Hild’s attorney also puts emphasis on the negative effect the press coverage of his legal troubles has had on his life, arguing that the media fallout has been its own sort of punishment.
“With the collapse of Live Well, Michael lost his sizable investments in the company and nearly all of his assets. Michael’s wife’s job is in potential jeopardy due to Michael’s conviction and the surrounding press coverage, which has spanned years and many dozens of articles detailing the government’s allegations,” the filing states.
“Regardless of the sentence imposed, this case, related litigation, and ensuing publicity will continue to affect Michael and Laura, who, in the wake of the publicity surrounding this case, has had to file for a protective order at the recommendation of police for her safety and welfare,” his lawyer added, alluding to a separate lawsuit filed against the Hilds by the trustee of the Live Well bankruptcy estate. The company’s Chapter 7 litigation is ongoing.
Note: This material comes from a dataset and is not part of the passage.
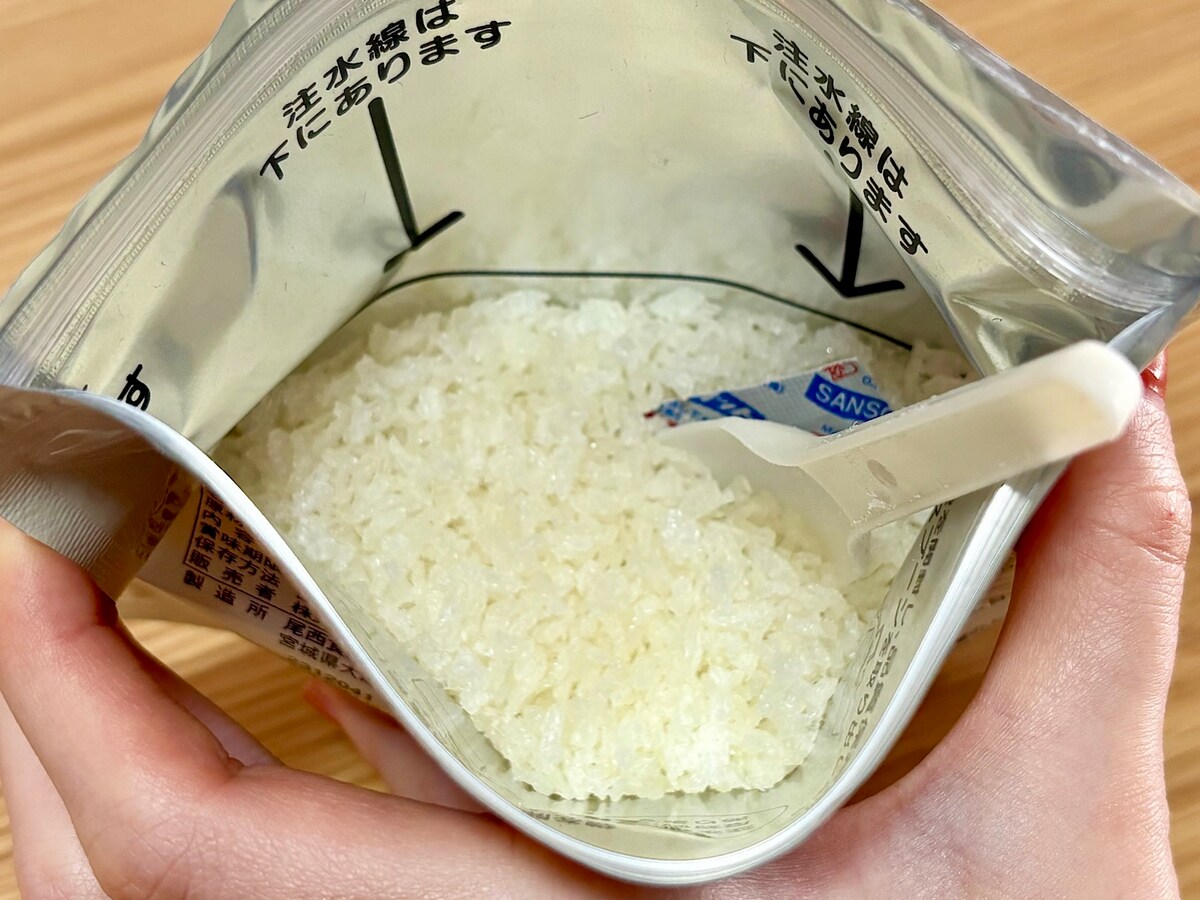 非常時に頼りになる備蓄ごはん。スプーンもついていて便利です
Hild is represented in the criminal case by attorney Brian Jacobs of New York law firm Morvillo, Abramowitz, Grand, Iason & Anello.
The sentencing hearing is set to take place this afternoon at 4 p.m. at the U.S. District Courthouse for the Southern District of New York in Manhattan. Should he be sentenced to prison, Hild asks to be allowed to remain free on bond pending appeal.
He has been on bail since he was first arrested and charged in September 2019, and his lawyer argues he poses no flight risk or danger to others.